DB Failover Correction

Overview

After an automated failover situation in which RepMgr has needed to elect the secondary database node as the primary database node, several steps will be required to restore the replica set to a fully functioning state.

After a failover scenario (failure of the primary database node) the replica set will be running in a degraded state:

Procedure

After a failover scenario where by a secondary node was elevated to a primary node several actions will need to be undertaken to restore the previous status quo.

Once the original primary node is back up and running, check its cluster state via:

repmgr -f /etc/repmgr/13/repmgr.conf cluster show

The original primary node will be flagged as a primary node but is no longer the elected primary across the cluster, it will instead show that the original secondary node is now acting as the primary..

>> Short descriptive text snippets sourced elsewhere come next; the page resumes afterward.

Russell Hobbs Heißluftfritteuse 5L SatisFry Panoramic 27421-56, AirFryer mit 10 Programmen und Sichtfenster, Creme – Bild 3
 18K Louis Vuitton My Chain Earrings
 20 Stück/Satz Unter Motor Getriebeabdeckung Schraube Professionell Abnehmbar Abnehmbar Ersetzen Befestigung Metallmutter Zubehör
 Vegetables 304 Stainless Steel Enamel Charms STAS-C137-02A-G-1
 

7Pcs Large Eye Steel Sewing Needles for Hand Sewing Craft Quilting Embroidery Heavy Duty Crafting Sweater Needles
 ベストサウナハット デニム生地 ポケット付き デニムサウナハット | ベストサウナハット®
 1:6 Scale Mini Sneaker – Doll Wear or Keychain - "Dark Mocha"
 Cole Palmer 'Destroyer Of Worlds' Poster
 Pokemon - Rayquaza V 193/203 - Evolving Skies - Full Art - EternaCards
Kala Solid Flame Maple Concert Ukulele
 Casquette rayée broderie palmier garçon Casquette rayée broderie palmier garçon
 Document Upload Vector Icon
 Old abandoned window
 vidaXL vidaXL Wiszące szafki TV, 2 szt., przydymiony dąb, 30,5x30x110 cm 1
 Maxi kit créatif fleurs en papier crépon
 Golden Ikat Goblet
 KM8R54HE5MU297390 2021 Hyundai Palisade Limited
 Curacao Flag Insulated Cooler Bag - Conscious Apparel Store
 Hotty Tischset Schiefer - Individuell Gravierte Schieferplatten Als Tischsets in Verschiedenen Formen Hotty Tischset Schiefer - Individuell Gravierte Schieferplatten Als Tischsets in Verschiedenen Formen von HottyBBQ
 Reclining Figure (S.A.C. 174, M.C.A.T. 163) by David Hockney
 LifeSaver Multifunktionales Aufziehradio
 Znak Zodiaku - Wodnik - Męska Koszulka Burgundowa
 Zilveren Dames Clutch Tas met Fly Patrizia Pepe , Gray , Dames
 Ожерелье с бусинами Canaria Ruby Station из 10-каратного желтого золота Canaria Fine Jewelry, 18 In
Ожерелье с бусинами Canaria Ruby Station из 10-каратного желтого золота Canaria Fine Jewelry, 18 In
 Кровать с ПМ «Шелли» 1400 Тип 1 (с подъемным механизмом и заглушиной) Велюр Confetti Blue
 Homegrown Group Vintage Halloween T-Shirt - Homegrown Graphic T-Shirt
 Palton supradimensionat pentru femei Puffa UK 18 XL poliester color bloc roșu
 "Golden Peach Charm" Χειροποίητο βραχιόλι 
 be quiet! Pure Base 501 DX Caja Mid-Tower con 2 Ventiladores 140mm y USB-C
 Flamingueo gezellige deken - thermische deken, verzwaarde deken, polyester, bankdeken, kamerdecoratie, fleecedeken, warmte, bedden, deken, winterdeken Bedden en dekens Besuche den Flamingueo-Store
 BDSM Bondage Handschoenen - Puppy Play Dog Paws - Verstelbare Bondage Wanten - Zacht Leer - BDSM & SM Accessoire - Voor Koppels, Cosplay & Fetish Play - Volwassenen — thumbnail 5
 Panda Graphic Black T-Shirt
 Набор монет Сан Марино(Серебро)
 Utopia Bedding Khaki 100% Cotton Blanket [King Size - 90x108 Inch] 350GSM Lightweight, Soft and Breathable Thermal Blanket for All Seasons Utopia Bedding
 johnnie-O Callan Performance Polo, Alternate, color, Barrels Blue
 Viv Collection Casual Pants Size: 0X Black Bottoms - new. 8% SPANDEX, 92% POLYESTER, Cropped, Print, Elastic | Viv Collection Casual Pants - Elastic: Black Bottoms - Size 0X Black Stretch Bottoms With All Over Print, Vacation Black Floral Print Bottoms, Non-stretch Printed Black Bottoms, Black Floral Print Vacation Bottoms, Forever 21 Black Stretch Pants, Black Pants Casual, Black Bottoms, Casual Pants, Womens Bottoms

In order to bring the original primary node back into replication the node will need to be rebased against the original secondary (current primary) node, which will also in turn downgrade original primary to a secondary node.

This is done with the following command, executed on the original primary node:

Note: The original primary DB will need to be shutdown for this command. It is automatically started after the data files are synced.

repmgr -f /etc/repmgr/13/repmgr.conf node rejoin -d 'host=sms-02 user=repmgr dbname=repmgr connect_timeout=2' --force-rewind

Once the command has completed the original primary will become the new secondary node, the old secondary will now officially be the cluster primary.

RepMgr supports a standby switchover command to switch the primary between the two servers; this however requires passwordless SSH access. Due to security concerns this guide does not expect passwordless SSH access between nodes for the postgres user.

If the original cluster status quo is required, the primary and secondary nodes can be switched by simply triggering a fail over in reverse, shutting down the new primary node; waiting for the old primary to be reelected and the application nodes following the elected primary.

Once the fail over has been completed then the old secondary simply needs to be rebased against the primary using the above command in reverse.

Once all fail over steps have been completed the status can be checked with:

repmgr -f /etc/repmgr/13/repmgr.conf cluster show